── EXCERPTED RECORDS ──
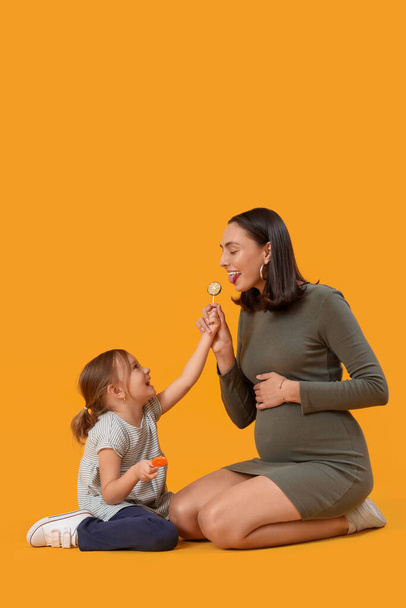 Piękna ciężarna matka i jej słodka córeczka ze słodkimi lizakami siedzącymi na żółtym tle - Zdjęcie, obraz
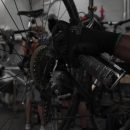 Samuel Olatunbosun works on a daily rental bike at the Orange Bike Project in Austin, Texas, on Oct. 2, 2023, (Mariela Villela/Reporting Texas TV)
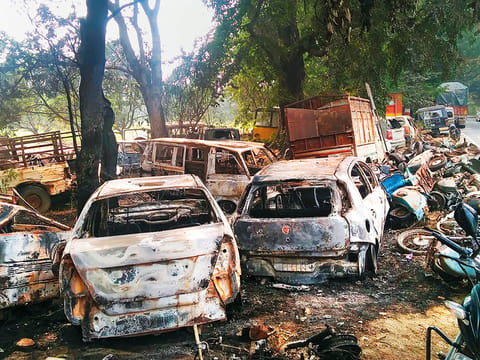 Charred vehicles which were set on fire by a mob in Monday’s violent clashes in Uttar Pradesh over the alleged illegal slaughter of cattle, in Bulandshahr.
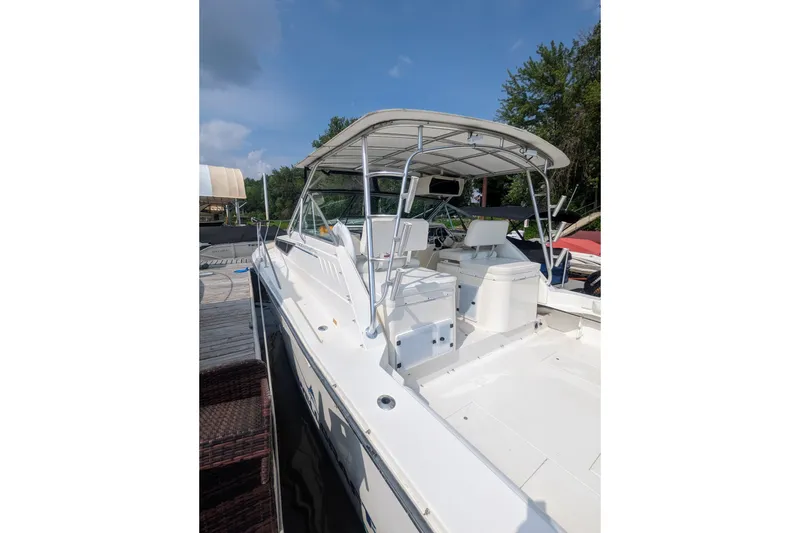 Slide: The Image of 1995 Wellcraft 330 Coastal boat docked, featuring spacious deck and canopy under clear skies. - 26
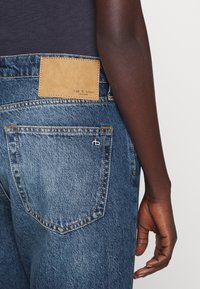 Dżinsy z ciemnoniebieskiego denimu, z jasnobrązową skórzaną naszywką z napisem "rag & bone" oraz kontrastowym żółtym przeszyciem, z widocznymi tylnymi kieszeniami.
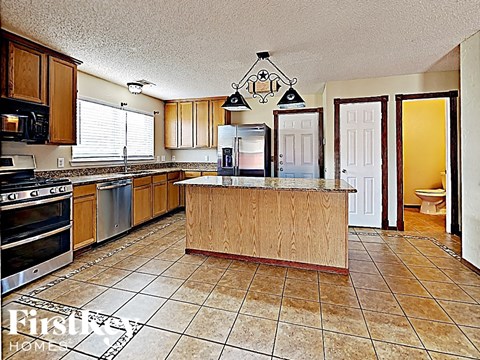 a kitchen with a large island in the middle of it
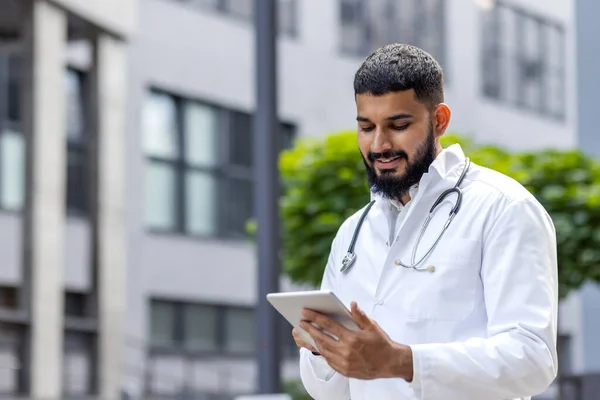 A young Muslim doctor in a bedlam robe stands outside the hospital and uses a tablet, writes, types, consults.
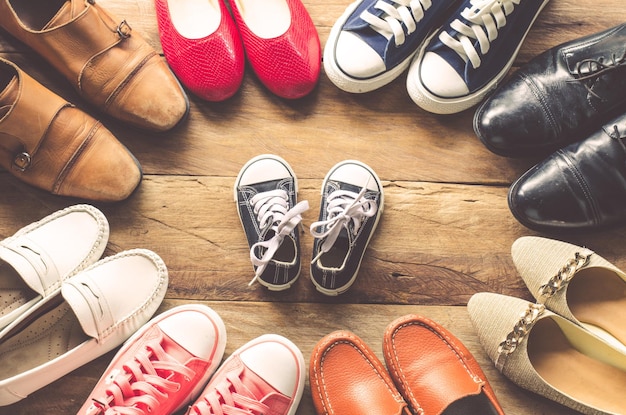 Photo vue d'angle élevé de diverses chaussures sur le sol en bois dur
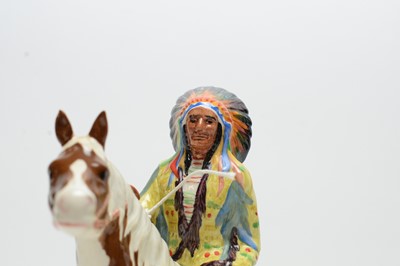 Lot 351 - A Beswick figure of a Native American on Skewbald Horse.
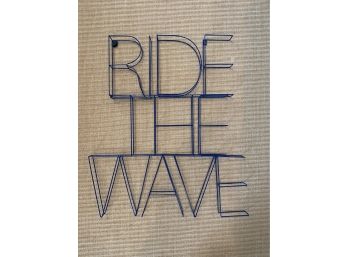 'Ride The Wave' Blue Coated Metal Sign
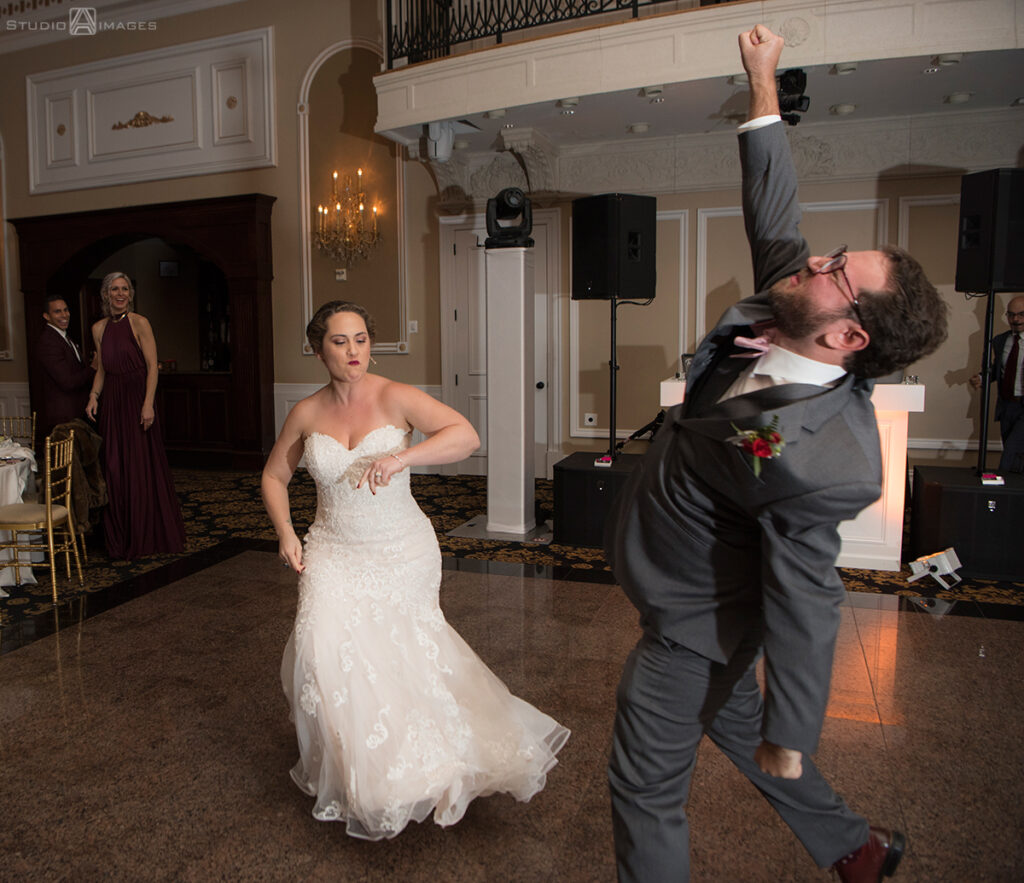 bride and groom enter their wedding reception at Florentine Gardens wedding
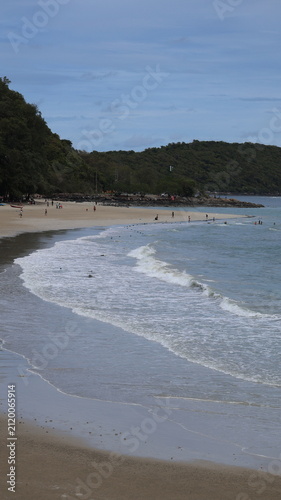 The image depicts a peaceful beach scene with gentle waves approaching the shoreline. The sandy beach is sparsely populated with a few people walking and relaxing along the water's edge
───
(TASK OBJECTIVE): Your response must restate every record above exactly, with each picture omitted.

(REPLY TO THE TASK):
 Piękna ciężarna matka i jej słodka córeczka ze słodkimi lizakami siedzącymi na żółtym tle - Zdjęcie, obraz
 Samuel Olatunbosun works on a daily rental bike at the Orange Bike Project in Austin, Texas, on Oct. 2, 2023, (Mariela Villela/Reporting Texas TV)
 Charred vehicles which were set on fire by a mob in Monday’s violent clashes in Uttar Pradesh over the alleged illegal slaughter of cattle, in Bulandshahr.
 Slide: The Image of 1995 Wellcraft 330 Coastal boat docked, featuring spacious deck and canopy under clear skies. - 26
 Dżinsy z ciemnoniebieskiego denimu, z jasnobrązową skórzaną naszywką z napisem "rag & bone" oraz kontrastowym żółtym przeszyciem, z widocznymi tylnymi kieszeniami.
 a kitchen with a large island in the middle of it
 A young Muslim doctor in a bedlam robe stands outside the hospital and uses a tablet, writes, types, consults.
 Photo vue d'angle élevé de diverses chaussures sur le sol en bois dur
 Lot 351 - A Beswick figure of a Native American on Skewbald Horse.
 'Ride The Wave' Blue Coated Metal Sign
 bride and groom enter their wedding reception at Florentine Gardens wedding
 The image depicts a peaceful beach scene with gentle waves approaching the shoreline. The sandy beach is sparsely populated with a few people walking and relaxing along the water's edge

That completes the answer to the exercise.